Environmentally Friendly Production of Methane from Natural Gas Hydrate Using Carbon Dioxide

Huge amounts of natural gas hydrate are trapped in an ice-like structure (hydrate). Most of these hydrates have been formed from biogenic degradation of organic waste in the upper crust and are almost pure methane hydrates. With up to 14 mol% methane, concentrated inside a water phase, this is an attractive energy source. Unlike conventional hydrocarbons, these hydrates are widely distributed around the world, and might in total amount to more than twice the energy in all known sources of conventional fossil fuels. A variety of methods for producing methane from hydrate-filled sediments have been proposed and developed through laboratory scale experiments, pilot scale experiments, and theoretical considerations. Thermal stimulation (steam, hot water) and pressure reduction has by far been the dominating technology platforms during the latest three decades. Thermal stimulation as the primary method is too expensive. There are many challenges related to pressure reduction as a method. Conditions of pressure can be changed to outside the hydrate stability zone, but dissociation energy still needs to be supplied.
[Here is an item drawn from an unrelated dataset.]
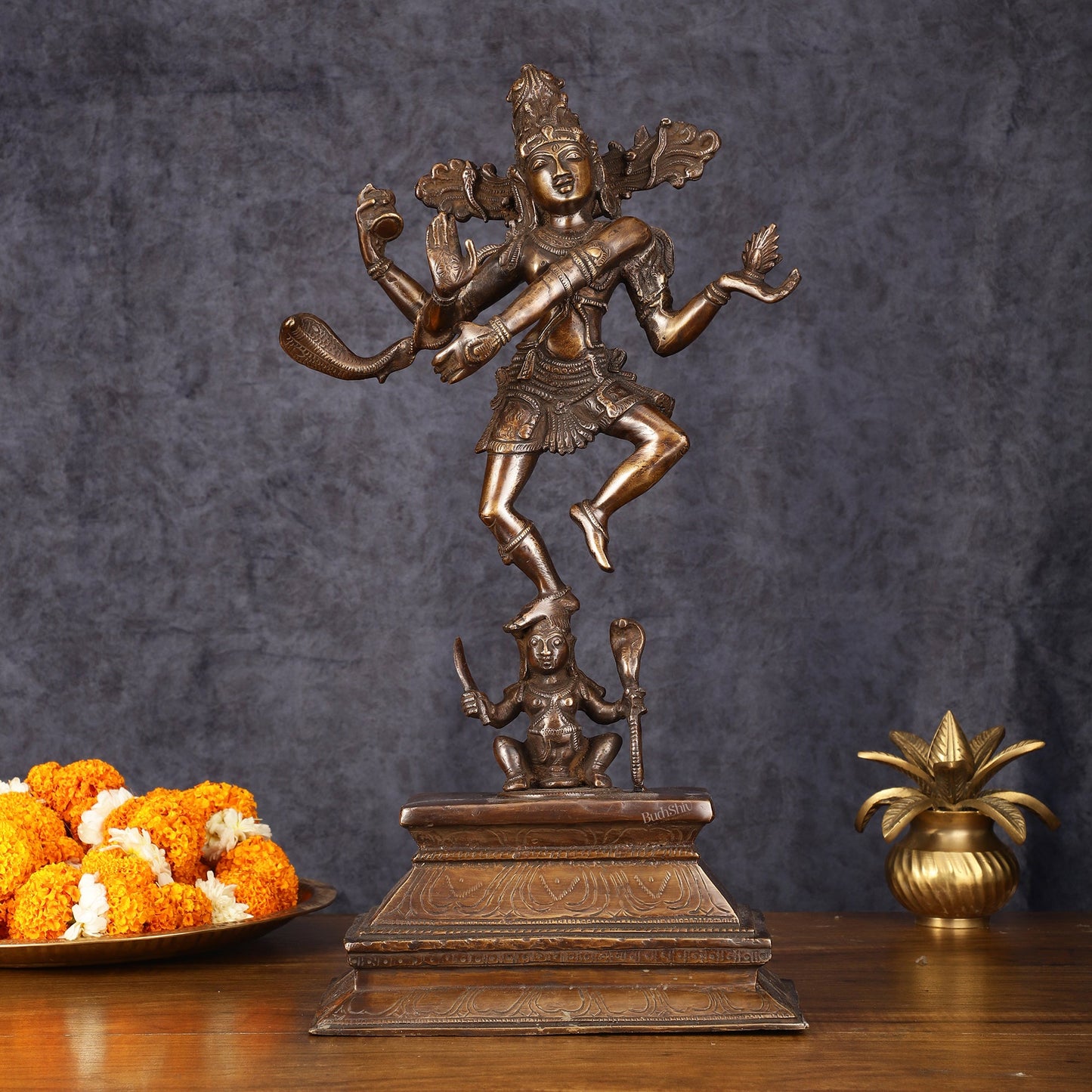 Antique Brass Dancing Lord Shiva Statue - 17 Inch - Budhshiv.com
Pressure release will set up a temperature gradient and heat can be transferred from the surrounding formation, but it has never been proven that the capacity and transport ability will ever be enough to sustain a commercial production rate. On the contrary, some recent pilot tests have been terminated due to freezing down. Other problems include sand production and water production. A more novel approach of injecting CO 2 into natural gas hydrate-filled sediments have also been investigated in various laboratories around the world with varying success. In this work, we focus on some frequent misunderstandings related to this concept. The only feasible mechanism for the use of CO 2 goes though the formation of a new CO 2 hydrate from free water in the pores and the incoming CO 2 . As demonstrated in this work, the nucleation of a CO 2 hydrate film rapidly forms a mass transport barrier that slows down any further growth of the CO 2 hydrate. Addition of small amounts of surfactants can break these hydrate films. We also demonstrate that the free energy of the CO 2 hydrate is roughly 2 kJ/mol lower than the free energy of the CH 4 hydrate. In addition to heat release from the formation of the new CO 2 hydrate, the increase in ion content of the remaining water will dissociate CH 4 hydrate before the CO 2 hydrate due to the difference in free energy.